Another scar

Los Angeles, California
June 7, 2013 1:08am CST
I know he didn't mean it. I know he did what he felt was right. At least I think I know what it was. I want to believe in him, I want to be his girl no matter what we go through, but I don't know if he still wants me or he just doesn't want to hurt me. I remain faithful no matter how much my heart breaks, aches, and yearn for him to love me like before or even better. I remain hopeful even when every text between us I make him think I'm okay but I'm not. I've never felt this horrible before. Before I only cried for a short time and sometimes because I felt stupid, but with this one, I cry because now it's even more open for a girl to take him from me, the thought of that happening is one scar. I cry because all the things we planned for each other may not happen because of that girl, that's a scar.
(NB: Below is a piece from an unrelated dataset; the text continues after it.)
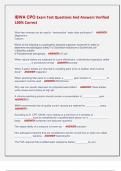 IBWA CPO Exam Test Questions And Answers Verified  100&percnt; Correct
Most of all the thought of what we were and what ended up happening was something I'd never imagine. To know his love isn't the same as I feel for him, that when we do talk I can't call him babe, I can't "I love you" I can't hug and kiss him every time I see him. It's just another scar deep into my already beat up heart. Right when I felt complete, when I felt like nothing could break us...he was gone and my heart went with him but he also took his from me so I'm left alone, cold and alone...and no one to really turn to.
1 response
• United States
8 Jun 13
sounds like he is not the right guy for you.......and though i know it hurts, and you definately deserve a time of mourning the end of this relationship that seems to have been a deep one........after a time you will get over it!....be strong......and think of it as a learning experience. it is hard to get over a relationship.....may take some time....but if you are patient you will meet someone who makes you happy, you feel content with, and who loves YOU for who you are.........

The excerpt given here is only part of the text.